Take any series that leads to a rational value.

$$\sum\limits_{k=0}^{\infty} a_{k} \in \mathbb{Q}, a_{k}\neq 0$$

Let us create a rational field extension over some transcendental number $z$, $\mathbb{Q}[z]=\{p+zq: p,q \in \mathbb{Q} \}$. We know that we can create an infinite number of *different* extensions of this type.
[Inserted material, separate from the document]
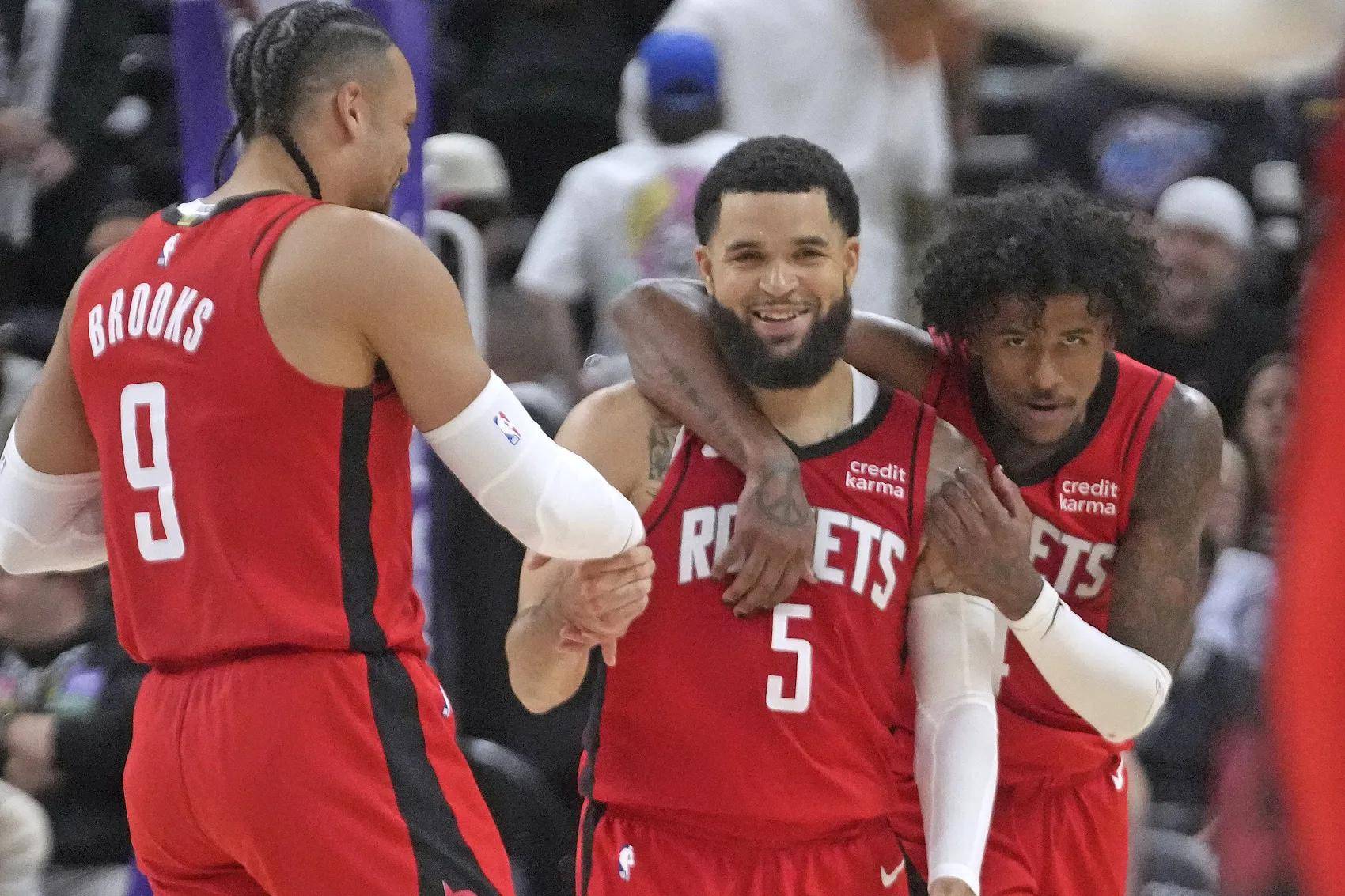 开云体育在线-保罗正式转会勇士，火箭泼冷水:他需要时间去适应的简单介绍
For example, we can take $z_{k}=\pi^{\frac{1}{k}}, k \in \mathbb{N}, k > 0$.

Every extensions $\mathbb{Q}[z_{m}]$ contains values that are as close as we want to any $a_{n}$. We can associate one of $\mathbb{Q}[z_{m}]$ to each $a_{n}$. With that we have got a ground for possible substitution.

We take one $$b_{k} \in \mathbb{Q}[z_{k}]$$ and replace $a_{k}$ with that value.

With that we have replaced our series with

$$\sum\limits_{k=0}^{\infty} b_{k}$$

We need to prove that we can make $$\sum\limits_{k=0}^{\infty} b_{k} = \sum\limits_{k=0}^{\infty} a_{k}$$

However, $b_{k}$ can be as close as we want to $a_{k}$. With that we can make $\sum\limits_{k=0}^{\infty} a_{k}-b_{k}$ as small as we want, which means that for every extension $\mathbb{Q}[z_{k}]$ we can find $p_{k}$ and $q_{k} \neq 0$ so that $p_{k}+q_{k}z_{k}$ is a sufficiently good replacement for $a_{k}$ which will keep $\sum\limits_{k=0}^{\infty} b_{k}=\sum\limits_{k=0}^{\infty} a_{k}$

$p_{k}+q_{k}z_{k}$ from different extensions, where $q_{k} \neq 0$, are independent, because all values that are dependent with $q \neq 0$ are contained within each $\mathbb{Q}[z_{k}]$.

This means that $\sum\limits_{k=0}^{\infty} b_{k} \in \mathbb{Q}$ each $b_{k}$ is irrational (specifically transcendental) and any $b_{k}$ is independent as required.

(There would be no difference to make the extension over irrational numbers, transcendentals are making it all more obvious.)